The Driver, The Mechanic et The Girl, compagnons de fortune embarqués dans une miteuse Chevy 55 grise. Et GTO, celui par qui la course arrivera et qui parie sa voiture aux trois âmes perdues qu’il arrivera avant eux à Washington. À lire cette entrée en matière (le script fut d’ailleurs entièrement publié dans Esquire juste avant la sortie du film, ce qui explique notamment son échec en salles en 1971), l’imagination fait vite son travail. Vitesse, compétition, consommation… les images se créent presque d’elles-mêmes dans le cerveau de l’amateur. Malin, Monte Hellman en joue d’ailleurs dès sa scène d’ouverture, vrombissant aux sons de moteurs gonflés à bloc, trouant la noirceur d’une nuit asphaltée par la présence de jeunes gens rebelles portant fièrement leurs blousons noirs, avides et énergiques. Rumble Fish, American Graffiti, Drive, Deathproof… nombreux seront les films qui, au fil des ans, s’en inspireront plus ou moins ouvertement.

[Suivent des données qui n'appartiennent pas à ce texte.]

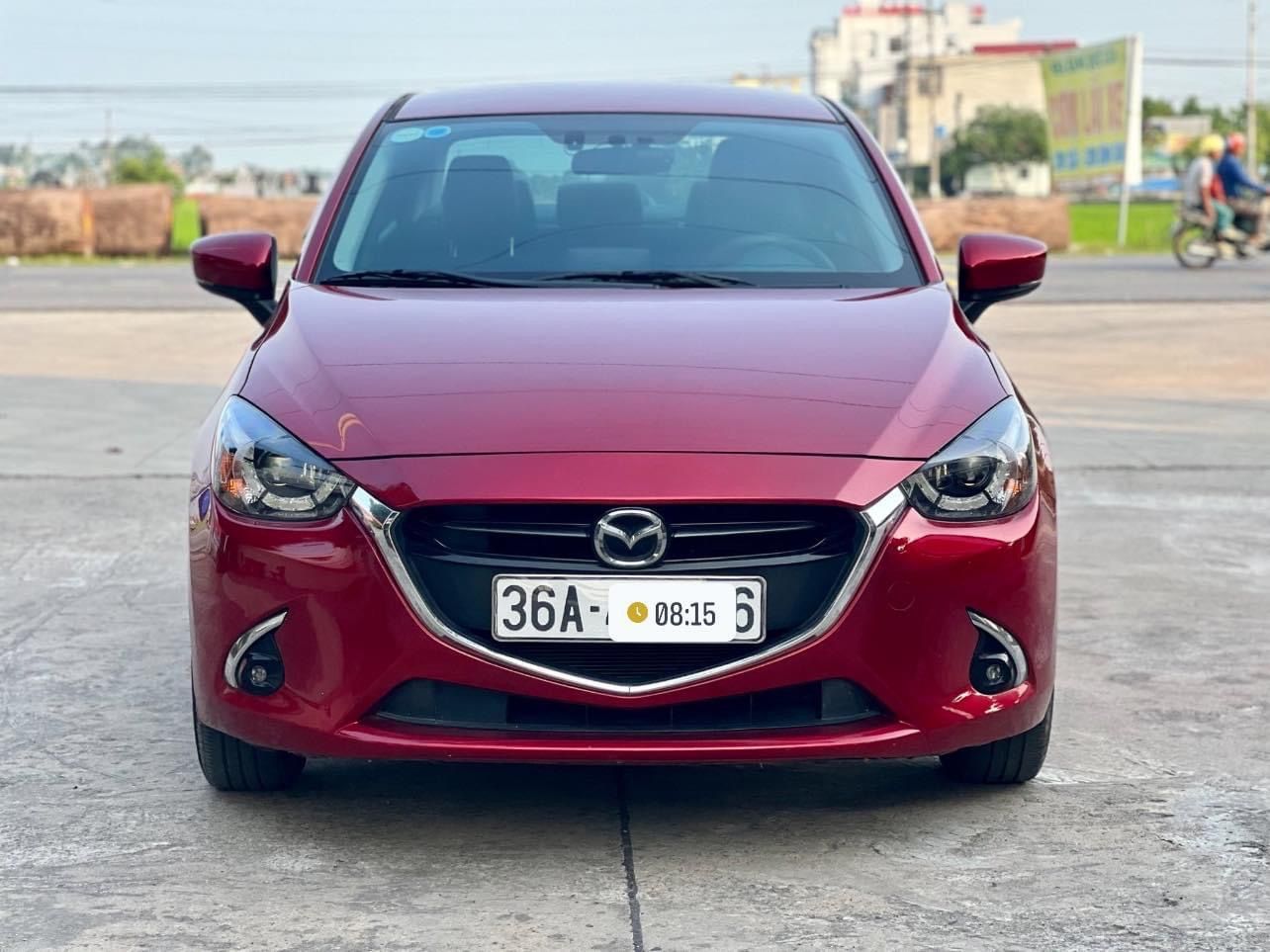 Mazda 2 2019 - Bán xe giá chỉ 490 triệu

Mais c’est très rapidement qu’Hellman prend le contre-pied de cette aventure à laquelle il semblait pourtant nous inviter. Le plus européen des cinéastes américains, disait-on de lui. Le meilleur d’entre tous tranchait même Peckinpah en 1973. Assurément, en tout cas, un des rares cinéastes à n’avoir non pas embrassé ou tenté de définir à sa sauce la grande mythologie américaine (tant celle des grands espaces que celle du storytelling), mais à en avoir fait son objet d’étude, la disséquant avec patience et recul, l’observant dans son dénuement le plus total en se demandant perpétuellement, avec une mélancolie poétique : que reste-t-il ?
Que reste-t-il lorsque les personnages n’ont même plus droit à un nom ? Que reste-t-il lorsque les acteurs n’en sont pas (James Taylor, Laurie Bird et Dennis Wilson, batteur des Beach Boys imposent leur nonchalance et leur décalage tout bressonien aux deux conducteurs de la Chevy) ? Que reste-t-il lorsque le récit est débarrassé de ses impératifs de linéarité, de clarté, d’efficacité (Hellman confiait bien volontiers avoir été inspiré par le montage de Paris nous appartient de Rivette qui s’autorisait à laisser à l’écran tous ces moments lâches que les « films normaux » éliminaient sans vergogne) ? Que reste-t-il des rêves, des aspirations, des idéaux, de la romance quand les dialogues s’en tiennent pour la plupart à de courtes discussions techniques sur la mécanique ? Que reste-t-il lorsque la traversée nie l’idée d’une conquête de l’Ouest pour se faire au contraire d’Ouest en Est ? Que reste-t-il enfin, hormis cette magnifique image finale, peut-être l’une des plus belles du cinéma américain, du Driver filmé de dos, dans sa voiture, ralentie à l’extrême puis arrêtée avant que la pellicule ne s’embrase, dévorant finalement cette quête taciturne et solitaire, marquant le point ultime, le seul possible, de cette fuite en avant qu’a été Two-Lane Blacktop, mais citant également les maîtres (Bergman, Antonioni) comme pour affirmer, dans un dernier pied-de-nez, l’absolue supériorité du cinéma sur ce monde en train de s’effriter, sur ce monde consumé par sa propre incapacité à accepter le vide?